Stored records
▶
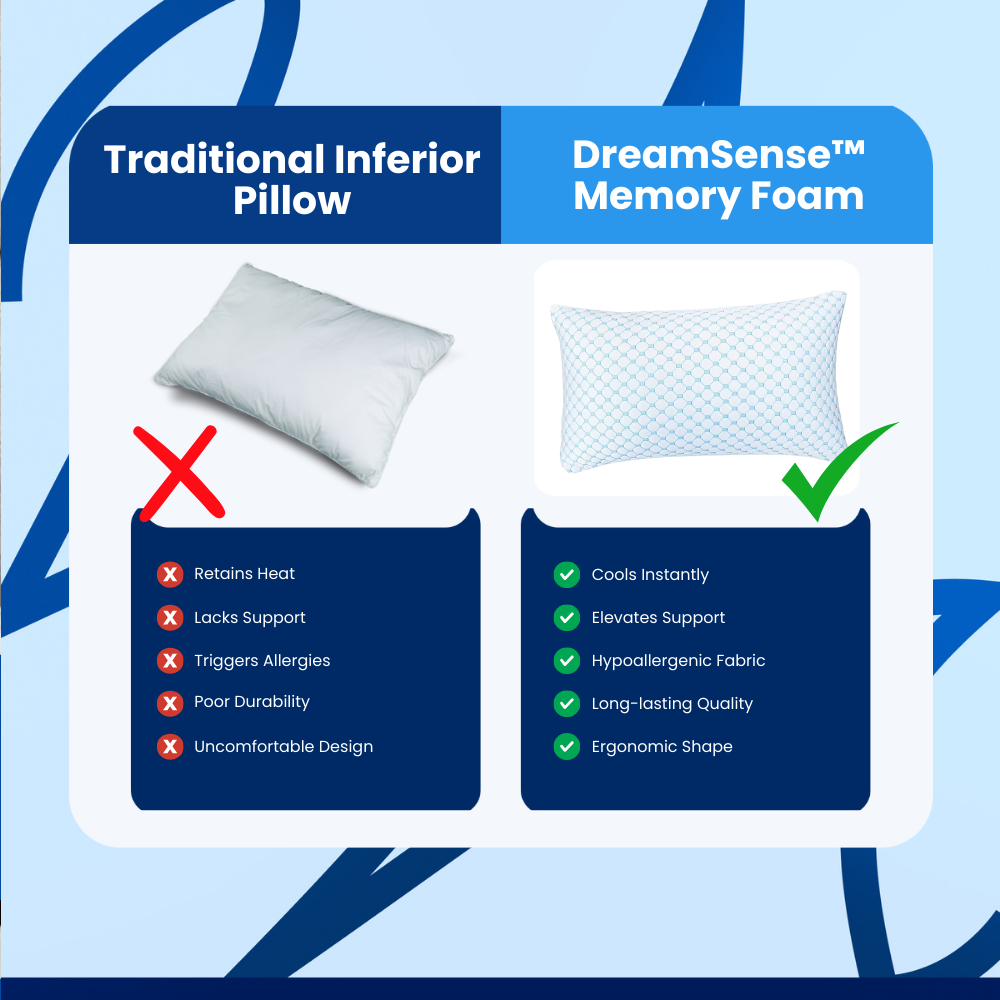 DreamSense™ Memory Foam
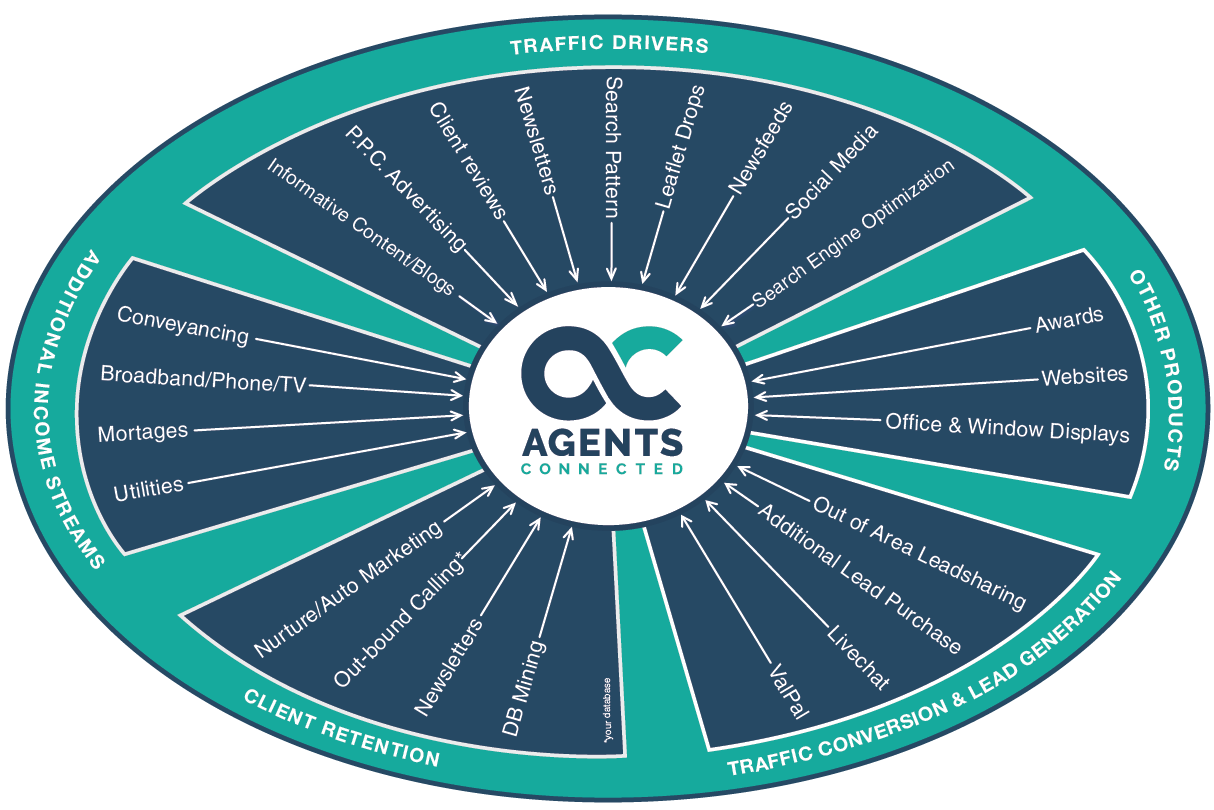 agentsconnected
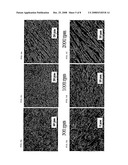 FILLER-DISPERSED MELT-KNEADED PRODUCTS, MOLDED RESIN PRODUCTS THEREOF, AND PRODUCTION METHOD THEREOF diagram and image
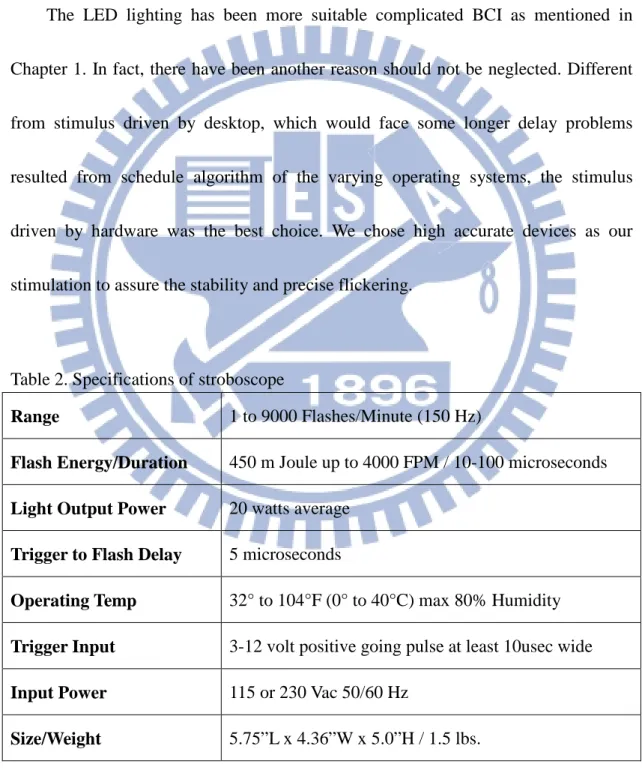 Table 2. Specifications of stroboscope 
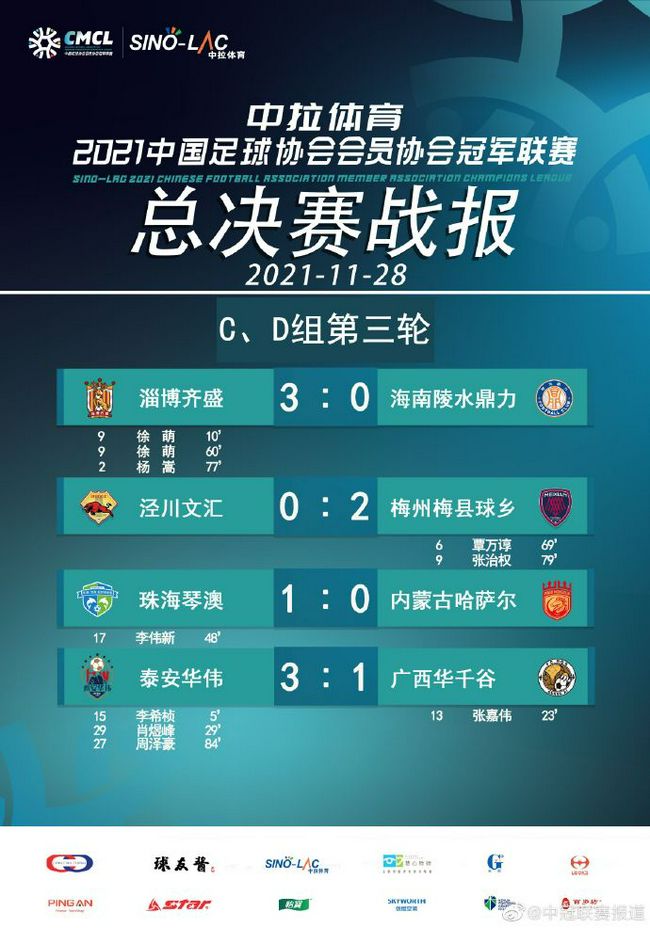 由袁和平执导，黄百鸣、甄子丹监制，张晋、戴夫;巴蒂斯塔（Dave Bautista）、柳岩领衔主演，杨紫琼、托尼;贾（Tony Jaa）特别演出，郑嘉颖、周秀娜、释彦能、谭耀文主演的功夫电影《叶问外传：张天志》将于12月21日全国上映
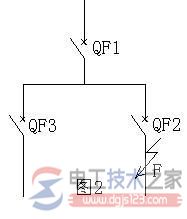 断路器的分断能力：极限短路分断能力、运行短路分断能力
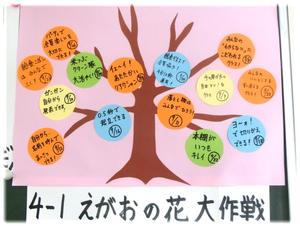教室を温かく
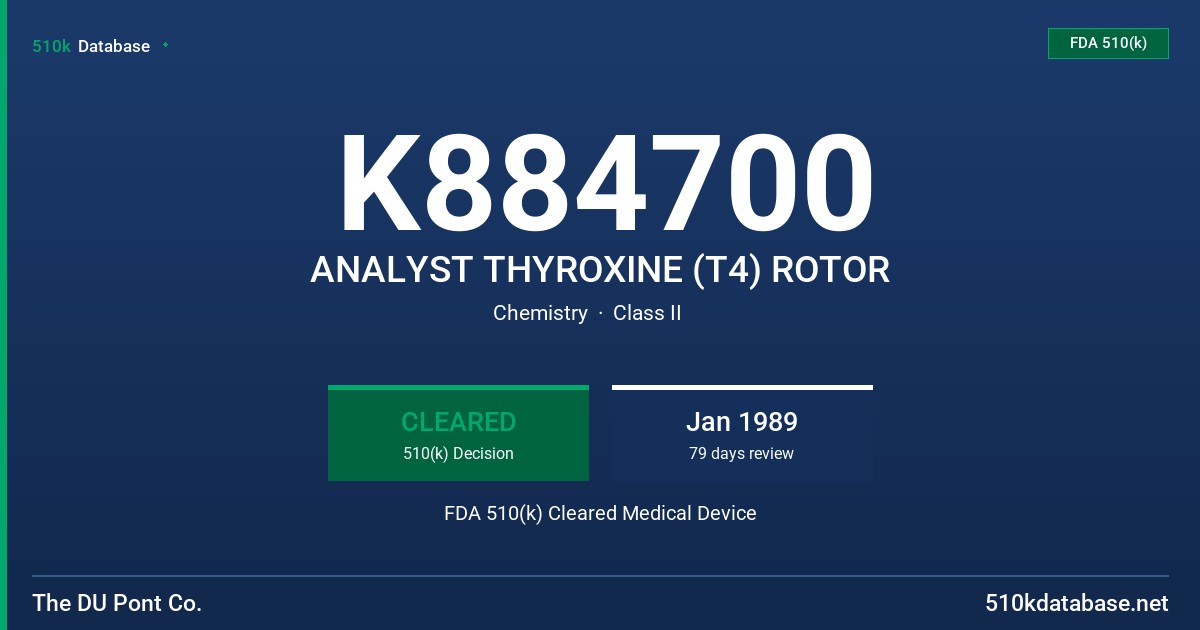 K884700 ANALYST THYROXINE (T4) ROTOR FDA 510(k) Cleared Medical Device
◀
Going from the line holding "Table 2. Specifications of stroboscope" to the last line of the data above, reproduce every line exactly, both included, with the pictures omitted.

 Table 2. Specifications of stroboscope 
 由袁和平执导，黄百鸣、甄子丹监制，张晋、戴夫;巴蒂斯塔（Dave Bautista）、柳岩领衔主演，杨紫琼、托尼;贾（Tony Jaa）特别演出，郑嘉颖、周秀娜、释彦能、谭耀文主演的功夫电影《叶问外传：张天志》将于12月21日全国上映
 断路器的分断能力：极限短路分断能力、运行短路分断能力
教室を温かく
 K884700 ANALYST THYROXINE (T4) ROTOR FDA 510(k) Cleared Medical Device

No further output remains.